The Fund praised fiscal progress but warned that weak reserves and inflation risks still threaten the country’s fragile recovery

Argentina has secured a new $1 billion disbursement from the International Monetary Fund, offering President Javier Milei’s government fresh financial support as it tries to stabilize the economy, rebuild reserves and regain access to global capital markets.
The IMF approved the payment after completing the second review of Argentina’s $20 billion program, acknowledging progress on fiscal, trade and labor reforms. The Fund also noted that the country had achieved its first primary fiscal surplus in years, a central objective of Milei’s economic strategy.
The decision is a significant boost for Buenos Aires, but it does not remove the deeper vulnerabilities facing Latin America’s third-largest economy.
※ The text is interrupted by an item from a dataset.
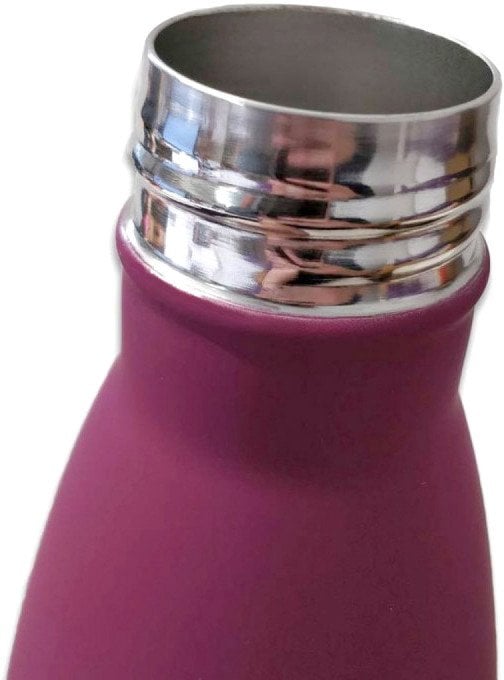 Термопляшка Summit B & Co Thermal Bottle Rubberized Berry 350 мл Бордова (694087)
Argentina missed a target for net international reserves, and IMF officials described the country’s performance through late 2025 as “mixed,” pointing to delays in reserve accumulation and renewed inflation pressure during a period of political uncertainty.
Milei’s government has made fiscal discipline the cornerstone of its program, cutting public spending, reducing subsidies and pushing structural reforms designed to make Argentina more attractive to investors. Those measures have improved market confidence, with Argentina’s country risk falling in recent weeks as investors debate whether the country could eventually return to international capital markets.
Still, the government’s path remains narrow. Inflation has come down from earlier peaks but remains a politically sensitive problem for households, while the central bank must rebuild reserves to strengthen confidence in the peso and reduce Argentina’s dependence on emergency financing. The IMF has adjusted reserve targets through 2026, but it continues to stress that disinflation and reserve accumulation must remain priorities.
The new disbursement also comes against a difficult regional backdrop. The World Bank recently trimmed its 2026 growth forecast for Latin America and the Caribbean, citing high borrowing costs, weak external demand, persistent inflation and structural challenges that continue to weigh on the region’s performance.
For Argentina, the IMF decision is both a financial lifeline and a political signal. It shows that international lenders still see Milei’s reform program as credible, but it also highlights how much remains unfinished. The next phase will depend on whether Buenos Aires can turn fiscal austerity into durable stability without deepening social strain or reigniting inflation.
The message from Washington is cautiously supportive: Argentina has made progress, but confidence will depend on execution. For Milei, the challenge is no longer only to cut deficits. It is to prove that economic stabilization can become a sustainable recovery.